Item 17.  Undertakings

     The undersigned Registrant undertakes as follows:

     1. To file, during any period in which offers or sales are being made, a
post-effective amendment to this Registration Statement:

        (a) To include any prospectus required by Section 10(a)(3) of the
Securities Act of 1933;

        (b) To reflect in the prospectus any facts or events arising after the
effective date of the Registration Statement (or the most recent post-effective
amendment thereof) which, individually or in the aggregate, represent a
fundamental change in the information set forth in the Registration Statement;
and

        (c) To include any material information with respect to the plan of
distribution not previously disclosed in the Registration Statement or any
material change to such information in the Registration Statement; provided,
however, that paragraphs 1(a) and (b) will not apply if the information required
to be included in a post effective amendment by those paragraphs is contained in
periodic reports filed by the registrant pursuant to section 13 or 15(d) of the
Exchange Act and which are incorporated by reference in this Registration
Statement.

     2. That, for the purposes of determining any liability under the
Securities Act of 1933, each such post-effective amendment shall be deemed to
be a new registration statement relating to the securities offered therein, and
the offering of such securities at that time shall be deemed to be the initial
bona fide offering thereof.


                                      10


<PAGE>   13





     3. To remove from registration by means of a post-effective amendment any
of the securities being registered which remain unsold at the termination of
the offering.

     4. That, for purposes of determining any liability under the Securities
Act of 1933, each filing of the Registrant's annual report pursuant to section
13(a) or 15(d) of the Securities Exchange Act of 1934 (and, where applicable,
each filing of an employee benefit plan annual report pursuant to section 15(d)
of the Securities Exchange Act of 1934) that is incorporated by reference in
the Registration Statement shall be deemed to be a new registration statement
relating to the securities offered therein, and the offering of such securities
at that time shall be deemed to be the initial bona fide offering thereof.

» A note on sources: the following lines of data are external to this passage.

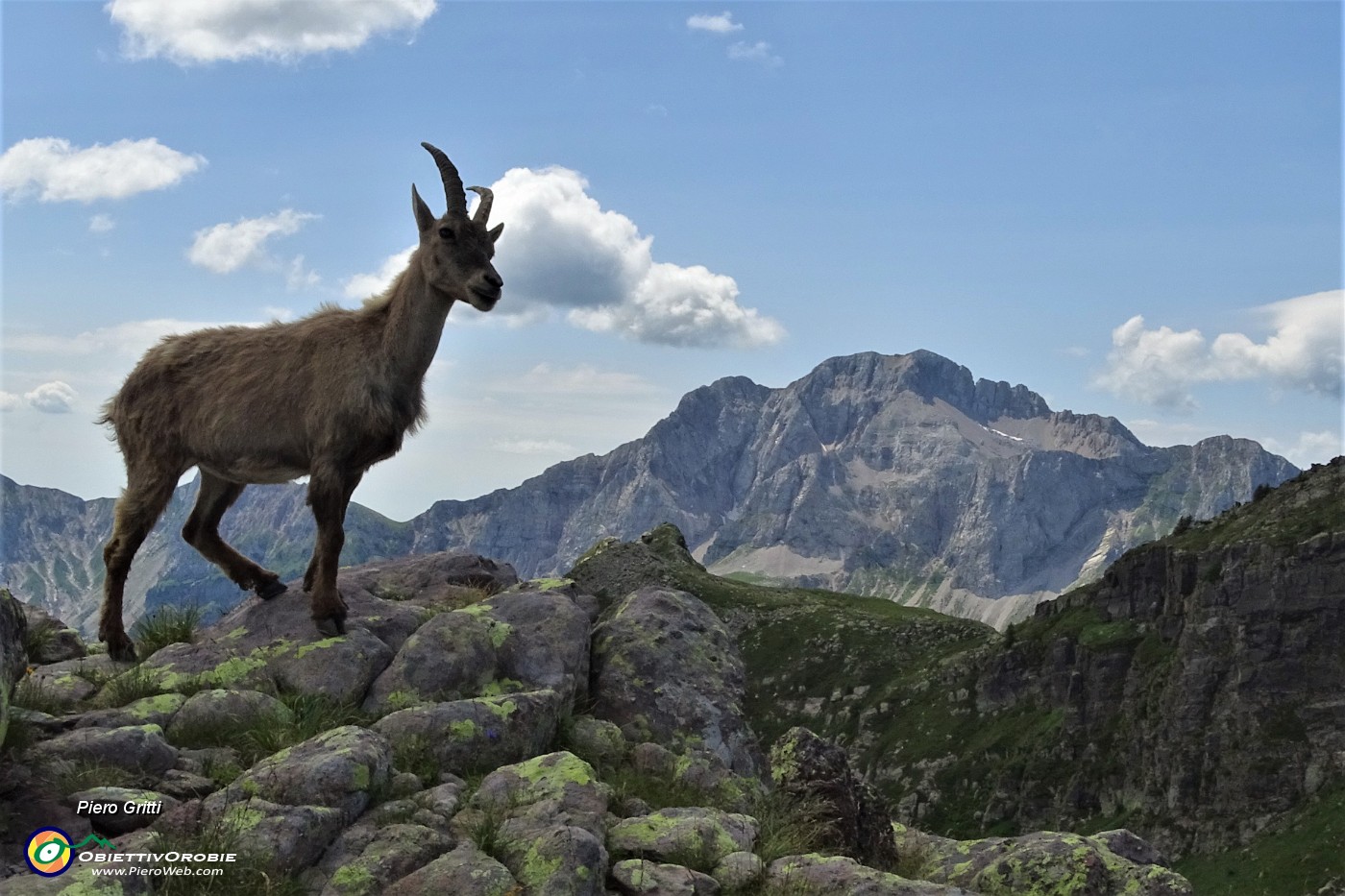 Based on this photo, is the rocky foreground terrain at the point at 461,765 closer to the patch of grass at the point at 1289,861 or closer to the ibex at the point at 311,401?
the ibex at the point at 311,401

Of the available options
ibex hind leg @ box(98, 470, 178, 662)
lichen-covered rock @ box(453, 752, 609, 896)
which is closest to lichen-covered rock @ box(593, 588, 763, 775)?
lichen-covered rock @ box(453, 752, 609, 896)

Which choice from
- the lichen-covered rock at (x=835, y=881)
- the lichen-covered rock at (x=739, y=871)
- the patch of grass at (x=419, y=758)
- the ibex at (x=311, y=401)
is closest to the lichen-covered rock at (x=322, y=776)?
the patch of grass at (x=419, y=758)

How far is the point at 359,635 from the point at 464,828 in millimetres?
5520

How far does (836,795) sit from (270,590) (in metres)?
9.55

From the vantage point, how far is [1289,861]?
162375 millimetres

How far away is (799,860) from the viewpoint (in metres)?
11.6

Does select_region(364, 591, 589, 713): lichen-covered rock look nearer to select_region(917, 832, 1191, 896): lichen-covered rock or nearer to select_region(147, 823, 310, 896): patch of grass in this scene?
select_region(147, 823, 310, 896): patch of grass

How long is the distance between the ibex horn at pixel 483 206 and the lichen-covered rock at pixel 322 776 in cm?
834

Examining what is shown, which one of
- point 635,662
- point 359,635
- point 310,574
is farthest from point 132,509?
point 635,662

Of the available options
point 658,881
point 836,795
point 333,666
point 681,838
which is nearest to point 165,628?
point 333,666

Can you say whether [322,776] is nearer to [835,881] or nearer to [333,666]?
[333,666]

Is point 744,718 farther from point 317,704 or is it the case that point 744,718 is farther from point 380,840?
point 380,840

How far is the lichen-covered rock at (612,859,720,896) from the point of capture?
10.6m

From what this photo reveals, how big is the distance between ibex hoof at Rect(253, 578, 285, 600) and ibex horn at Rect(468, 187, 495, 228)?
6.67 metres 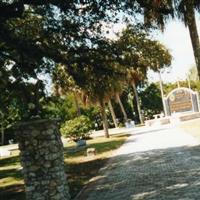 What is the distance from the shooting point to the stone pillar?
12078mm

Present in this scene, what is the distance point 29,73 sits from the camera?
52.8 ft

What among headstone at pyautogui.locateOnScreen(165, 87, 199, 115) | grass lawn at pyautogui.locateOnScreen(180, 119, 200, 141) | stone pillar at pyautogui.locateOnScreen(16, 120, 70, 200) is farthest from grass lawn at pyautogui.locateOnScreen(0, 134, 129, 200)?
headstone at pyautogui.locateOnScreen(165, 87, 199, 115)

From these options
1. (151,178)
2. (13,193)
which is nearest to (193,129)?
(151,178)

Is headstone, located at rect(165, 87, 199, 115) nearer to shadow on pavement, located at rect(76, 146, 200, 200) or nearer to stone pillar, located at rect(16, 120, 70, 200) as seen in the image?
shadow on pavement, located at rect(76, 146, 200, 200)

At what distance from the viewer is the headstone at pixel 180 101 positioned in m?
A: 51.8

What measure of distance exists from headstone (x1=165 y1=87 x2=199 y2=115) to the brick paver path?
31.6m

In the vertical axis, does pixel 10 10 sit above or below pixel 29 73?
above

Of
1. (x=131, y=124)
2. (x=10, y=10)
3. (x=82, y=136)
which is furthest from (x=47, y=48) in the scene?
(x=131, y=124)

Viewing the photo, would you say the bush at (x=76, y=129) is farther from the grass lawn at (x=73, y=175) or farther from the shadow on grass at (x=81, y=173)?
the shadow on grass at (x=81, y=173)

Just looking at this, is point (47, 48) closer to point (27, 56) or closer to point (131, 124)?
point (27, 56)

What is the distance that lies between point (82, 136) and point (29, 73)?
1694 centimetres

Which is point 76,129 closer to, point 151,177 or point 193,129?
point 193,129

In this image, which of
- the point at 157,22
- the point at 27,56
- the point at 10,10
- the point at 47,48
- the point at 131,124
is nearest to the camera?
the point at 10,10

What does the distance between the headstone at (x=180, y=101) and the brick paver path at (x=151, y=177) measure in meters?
31.6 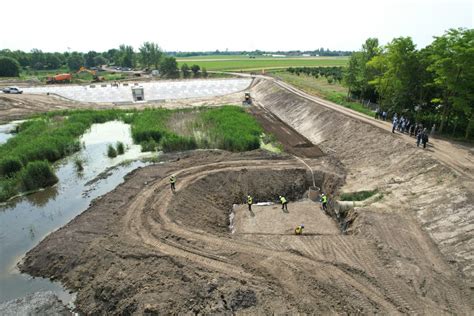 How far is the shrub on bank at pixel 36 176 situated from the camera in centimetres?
2436

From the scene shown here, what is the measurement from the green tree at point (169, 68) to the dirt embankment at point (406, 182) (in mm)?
70914

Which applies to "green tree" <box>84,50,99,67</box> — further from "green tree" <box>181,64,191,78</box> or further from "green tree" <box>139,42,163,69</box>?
"green tree" <box>181,64,191,78</box>

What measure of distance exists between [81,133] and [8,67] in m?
72.6

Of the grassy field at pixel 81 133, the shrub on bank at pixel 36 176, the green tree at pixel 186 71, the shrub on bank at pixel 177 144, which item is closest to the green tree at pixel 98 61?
the green tree at pixel 186 71

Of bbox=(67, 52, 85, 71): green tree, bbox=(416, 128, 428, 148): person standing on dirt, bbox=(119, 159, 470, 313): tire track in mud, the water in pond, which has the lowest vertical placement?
the water in pond

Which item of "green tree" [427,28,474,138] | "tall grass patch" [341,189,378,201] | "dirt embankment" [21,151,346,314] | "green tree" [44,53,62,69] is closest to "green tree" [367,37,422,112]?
"green tree" [427,28,474,138]

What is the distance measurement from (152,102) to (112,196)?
40098 millimetres

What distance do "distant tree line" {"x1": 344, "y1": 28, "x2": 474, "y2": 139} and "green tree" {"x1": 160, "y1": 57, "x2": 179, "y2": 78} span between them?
237 feet

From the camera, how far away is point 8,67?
88.7 metres

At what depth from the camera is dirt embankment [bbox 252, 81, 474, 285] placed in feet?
52.0

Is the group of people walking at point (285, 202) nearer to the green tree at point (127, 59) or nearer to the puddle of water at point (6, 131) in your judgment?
the puddle of water at point (6, 131)

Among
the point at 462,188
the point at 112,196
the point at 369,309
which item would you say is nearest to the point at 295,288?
the point at 369,309

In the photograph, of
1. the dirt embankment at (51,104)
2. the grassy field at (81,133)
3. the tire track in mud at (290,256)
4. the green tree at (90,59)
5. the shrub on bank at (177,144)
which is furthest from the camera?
the green tree at (90,59)

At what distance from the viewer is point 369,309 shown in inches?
485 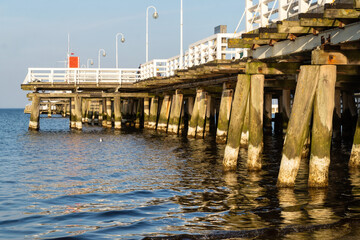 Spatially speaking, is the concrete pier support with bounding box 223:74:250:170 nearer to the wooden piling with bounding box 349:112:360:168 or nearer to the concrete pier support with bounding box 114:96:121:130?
the wooden piling with bounding box 349:112:360:168

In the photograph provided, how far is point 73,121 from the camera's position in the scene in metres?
47.2

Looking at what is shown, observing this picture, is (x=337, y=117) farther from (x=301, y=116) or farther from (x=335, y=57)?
(x=301, y=116)

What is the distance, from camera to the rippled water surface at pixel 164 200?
10102mm

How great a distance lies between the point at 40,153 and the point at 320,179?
16.6 m

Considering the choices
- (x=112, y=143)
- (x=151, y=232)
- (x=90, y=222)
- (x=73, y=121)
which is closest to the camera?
(x=151, y=232)

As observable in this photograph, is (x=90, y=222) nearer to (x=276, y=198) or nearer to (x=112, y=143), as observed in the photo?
(x=276, y=198)

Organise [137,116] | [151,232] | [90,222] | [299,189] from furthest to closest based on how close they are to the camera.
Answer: [137,116], [299,189], [90,222], [151,232]

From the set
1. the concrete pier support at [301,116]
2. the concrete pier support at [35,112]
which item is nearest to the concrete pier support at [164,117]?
the concrete pier support at [35,112]

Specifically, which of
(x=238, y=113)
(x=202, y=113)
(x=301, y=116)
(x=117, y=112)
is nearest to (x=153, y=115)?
(x=117, y=112)

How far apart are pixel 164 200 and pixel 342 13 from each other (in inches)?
212

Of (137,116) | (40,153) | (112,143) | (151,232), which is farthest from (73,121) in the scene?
(151,232)

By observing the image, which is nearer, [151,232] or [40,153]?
[151,232]

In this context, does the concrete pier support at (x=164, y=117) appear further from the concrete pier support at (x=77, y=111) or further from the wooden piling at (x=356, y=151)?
the wooden piling at (x=356, y=151)

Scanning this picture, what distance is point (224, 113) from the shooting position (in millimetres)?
24703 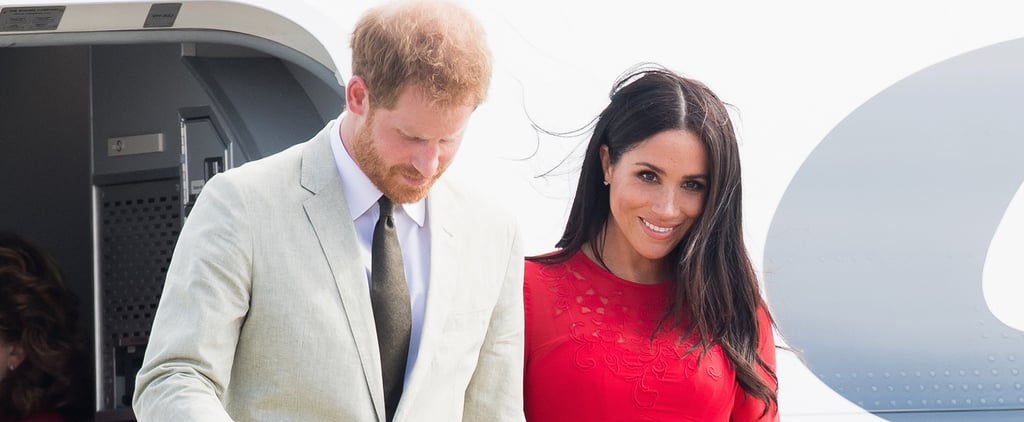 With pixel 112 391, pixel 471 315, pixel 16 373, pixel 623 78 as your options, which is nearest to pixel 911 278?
pixel 623 78

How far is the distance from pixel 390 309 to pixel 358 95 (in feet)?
0.93

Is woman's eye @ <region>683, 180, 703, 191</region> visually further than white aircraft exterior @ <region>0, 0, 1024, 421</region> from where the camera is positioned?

     5. Insofar as indemnification for liabilities arising under the Securities
Act of 1933 may be permitted to directors, officers and controlling persons of
the Registrant pursuant to the foregoing provisions, or otherwise, the
Registrant has been advised that in the opinion of the Securities and Exchange
Commission, such indemnification is against public policy as expressed in the
Act, and is, therefore, unenforceable.  In the event that a claim for
indemnification against such liabilities (other than the payment by the
Registrant of expenses incurred or paid by a director, officer or controlling
person of the Registrant in the successful defense of any action, suit or
proceeding) is asserted by such director, officer or controlling person in
connection with the securities being registered, the Registrant will, unless in
the opinion of its counsel the matter has been settled by controlling
precedent, submit to a court of appropriate jurisdiction the question whether
such indemnification by it is against public policy as expressed in the Act and
will be governed by the final adjudication of such issue.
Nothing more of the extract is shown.